GOAL OF THE EXERCISE |
Exact reproduction of all the entries is required, without any of their pictures.

[Collected data]
╭──

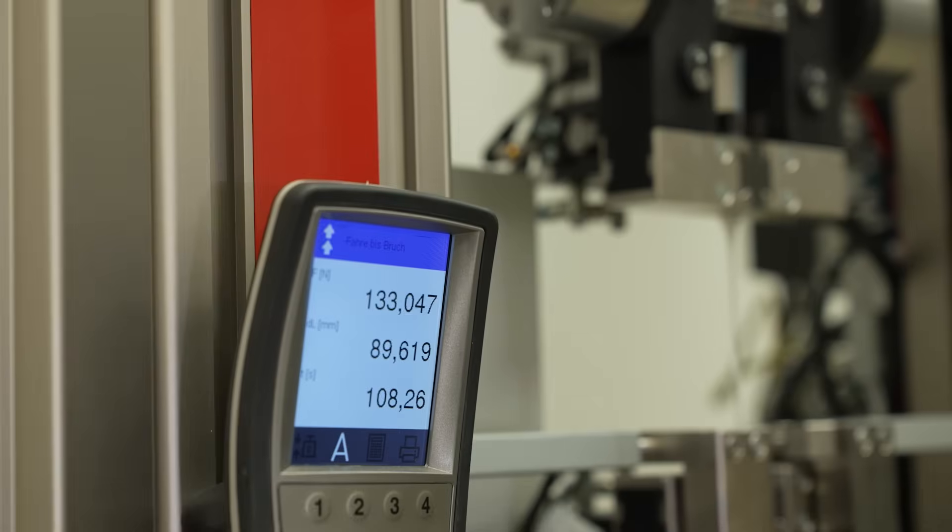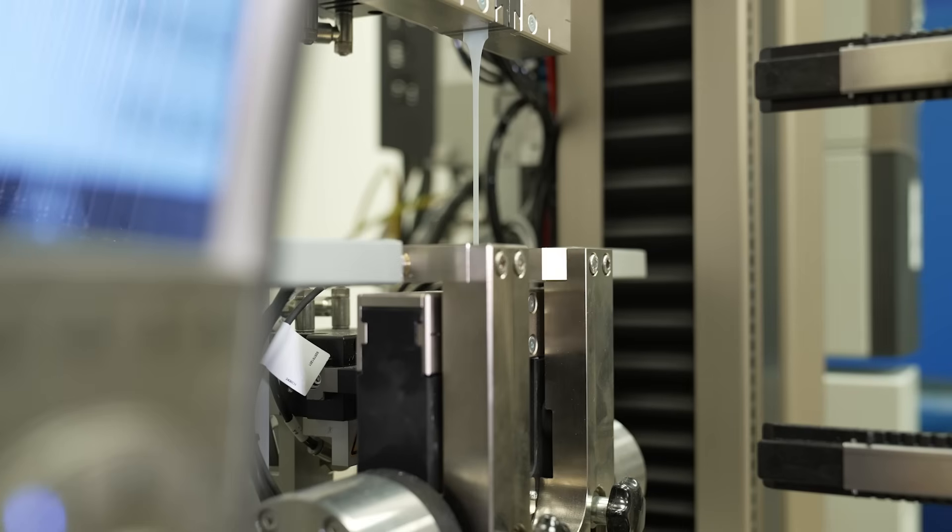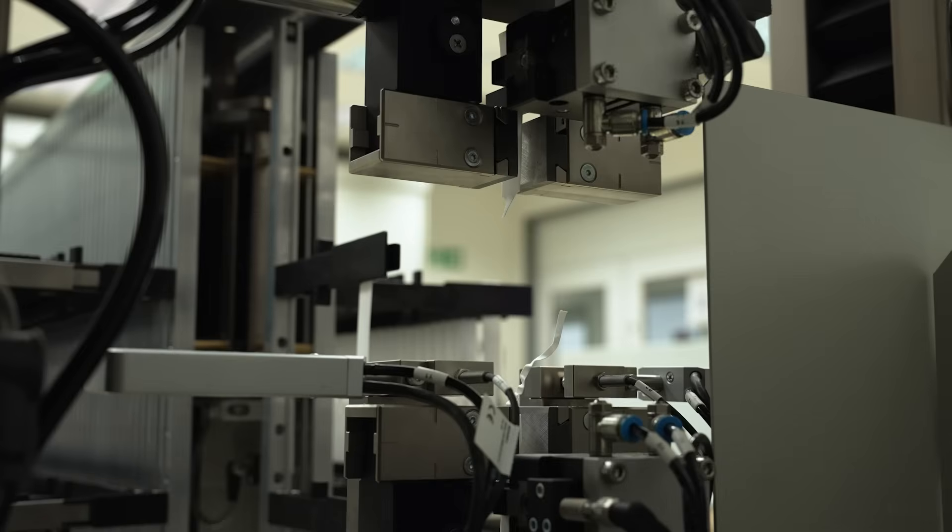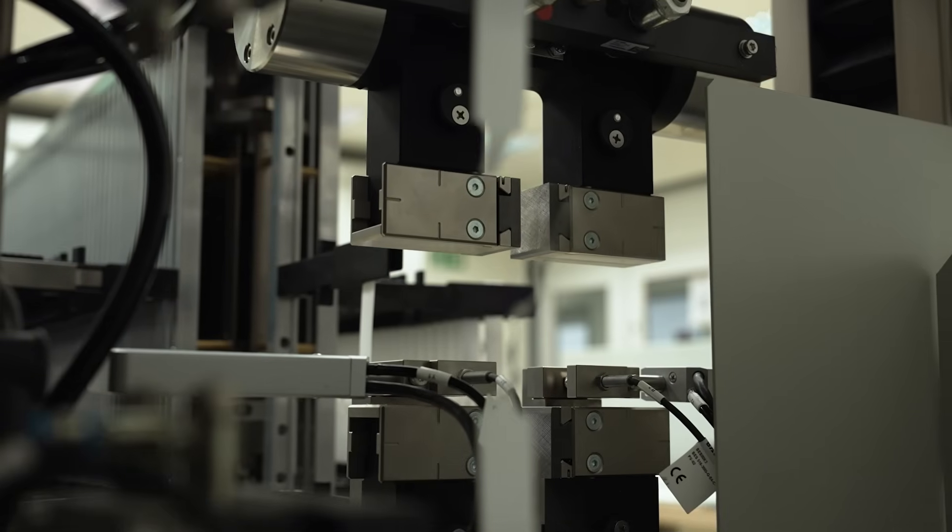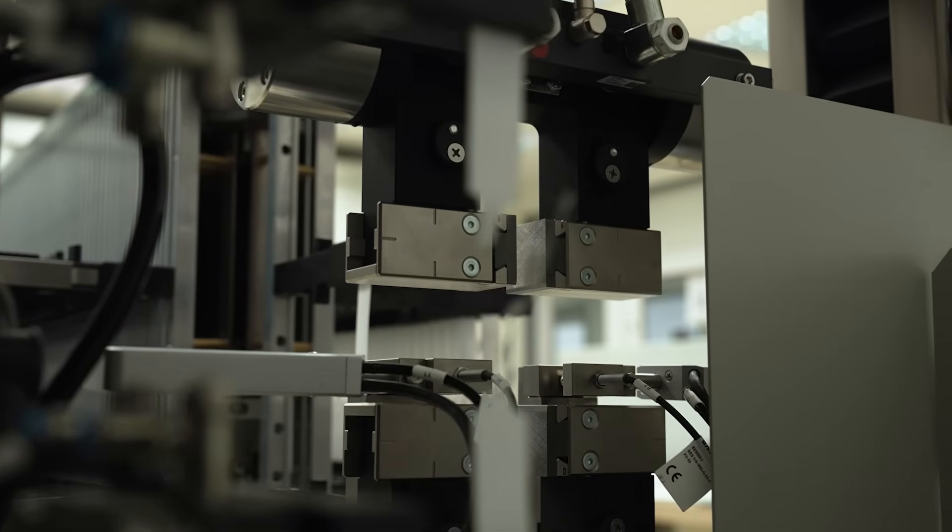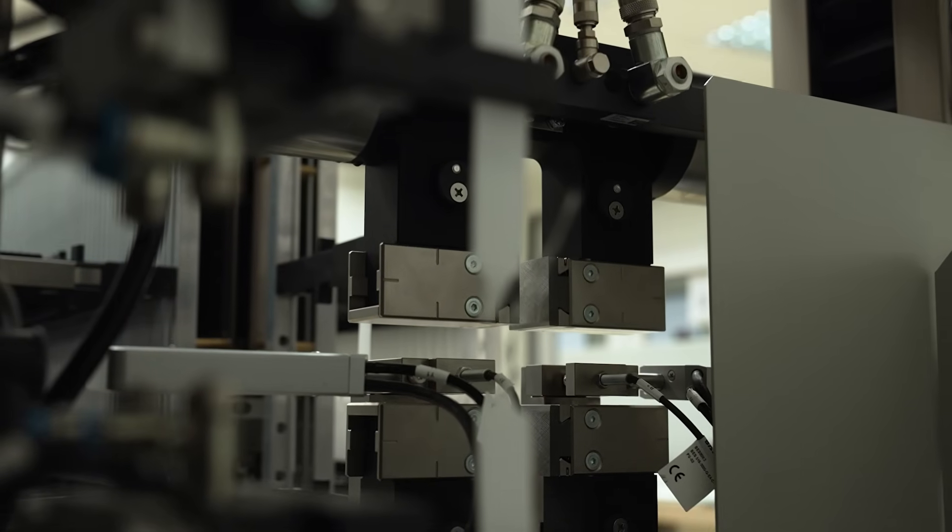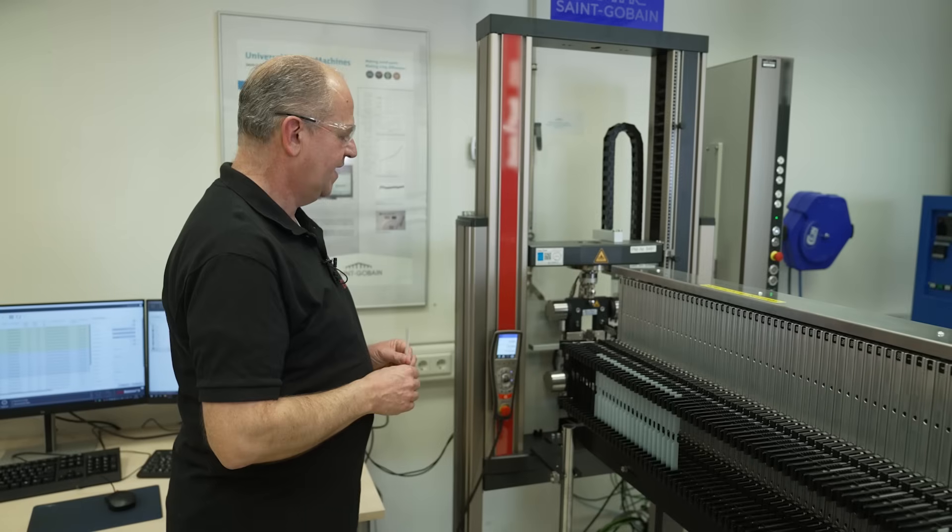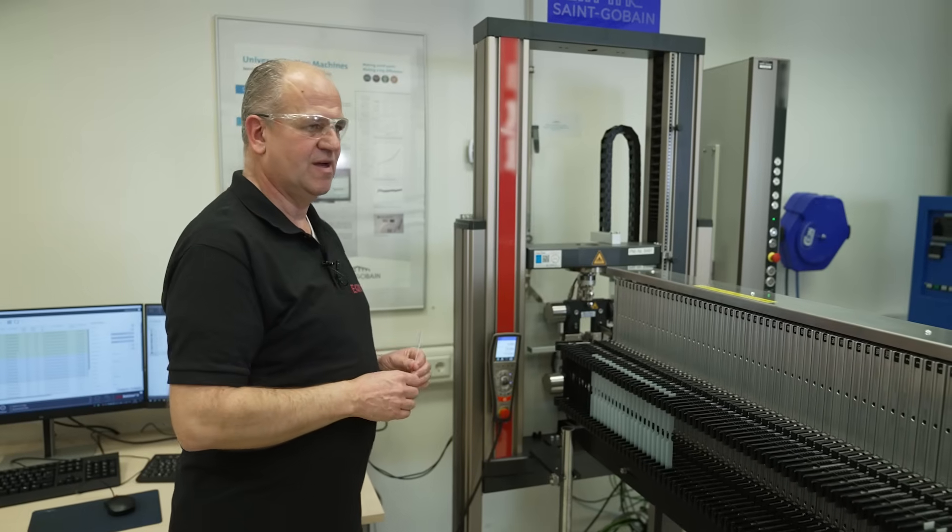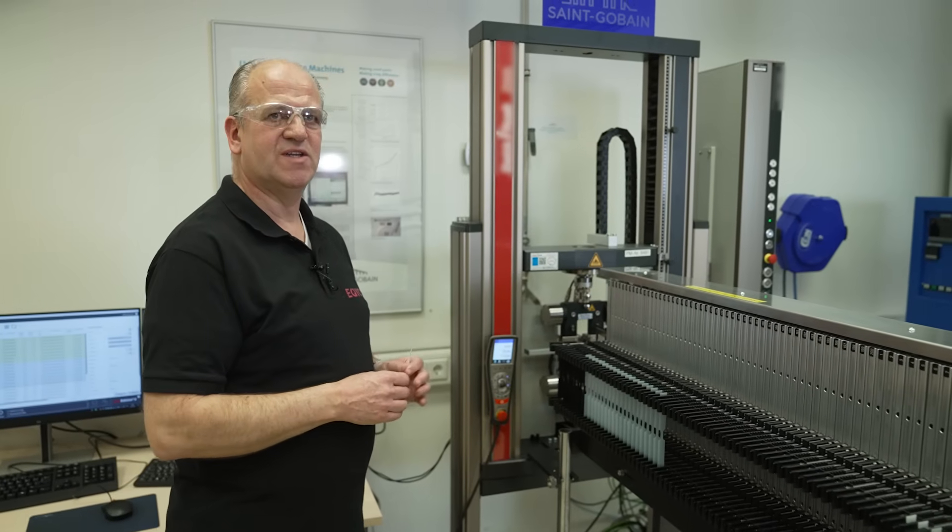Once the sample is broken, the machine is directly removing the sample out of the clamping, and that's what is going on here.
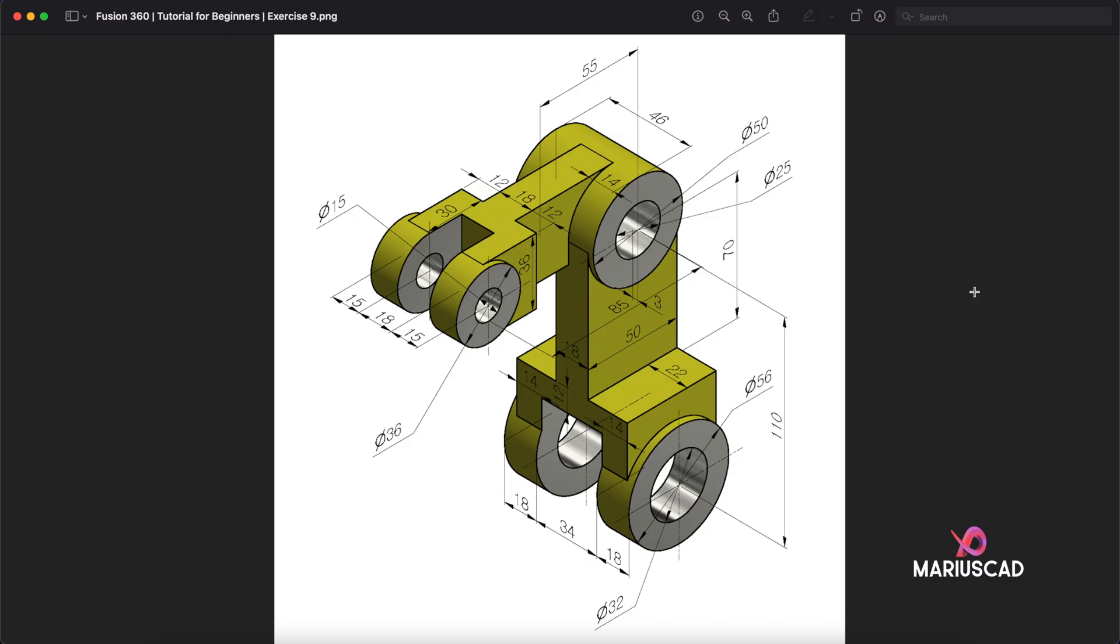Hello everybody and welcome to a new tutorial. Today I will show you how you can model this piece in Fusion 360. I'll present you the fastest way possible. We will start with a big sketch, try to focus on this side right here from the lateral view, and then we will start to extrude.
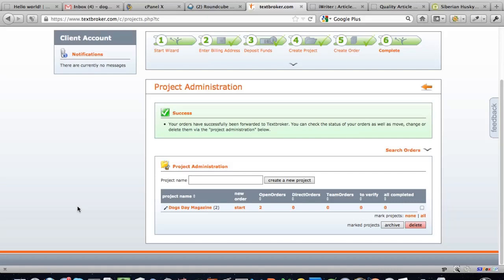You can also write the content yourself, use one of the other services, find an article writer on forums like the Warrior Forum, or contact Upwork for a freelance writer. To be honest, what I do most of the time is work with a direct team of writers I pay monthly — through platforms like Upwork or OnlineJobs.ph, which specializes in hiring Filipino writers.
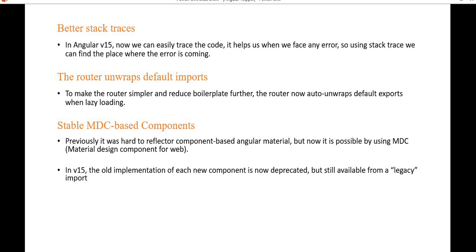Another feature is router unwrap default import. To make the router simpler and reduce boilerplate further, the router now auto-unwraps default exports when lazy loading. This helps reduce the code we need to write when using lazy loading.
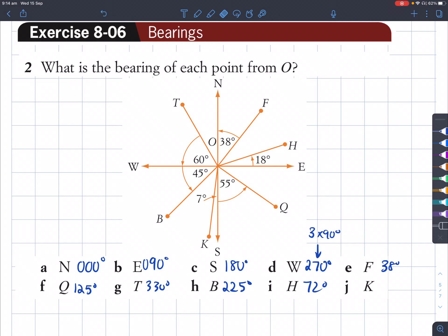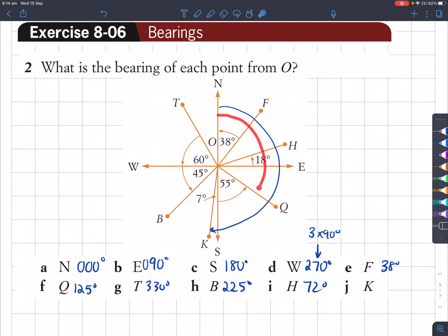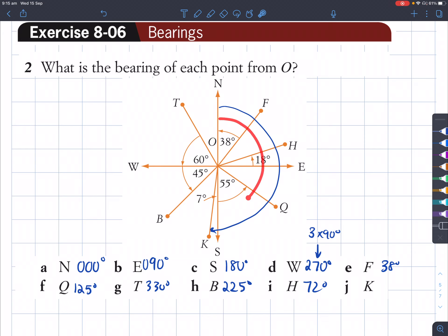For question J, we're finding the bearing of K. K is in the bottom. We're trying to find this angle — from north, going all the way to K. This is comprised of a straight angle of 180 degrees, plus this remaining angle of 7 degrees. So 180 plus 7 is 187 degrees.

╰──

WRITTEN RESPONSE |
Once the sample is broken, the machine is directly removing the sample out of the clamping, and that's what is going on here.
Hello everybody and welcome to a new tutorial. Today I will show you how you can model this piece in Fusion 360. I'll present you the fastest way possible. We will start with a big sketch, try to focus on this side right here from the lateral view, and then we will start to extrude.
You can also write the content yourself, use one of the other services, find an article writer on forums like the Warrior Forum, or contact Upwork for a freelance writer. To be honest, what I do most of the time is work with a direct team of writers I pay monthly — through platforms like Upwork or OnlineJobs.ph, which specializes in hiring Filipino writers.
Another feature is router unwrap default import. To make the router simpler and reduce boilerplate further, the router now auto-unwraps default exports when lazy loading. This helps reduce the code we need to write when using lazy loading.
For question J, we're finding the bearing of K. K is in the bottom. We're trying to find this angle — from north, going all the way to K. This is comprised of a straight angle of 180 degrees, plus this remaining angle of 7 degrees. So 180 plus 7 is 187 degrees.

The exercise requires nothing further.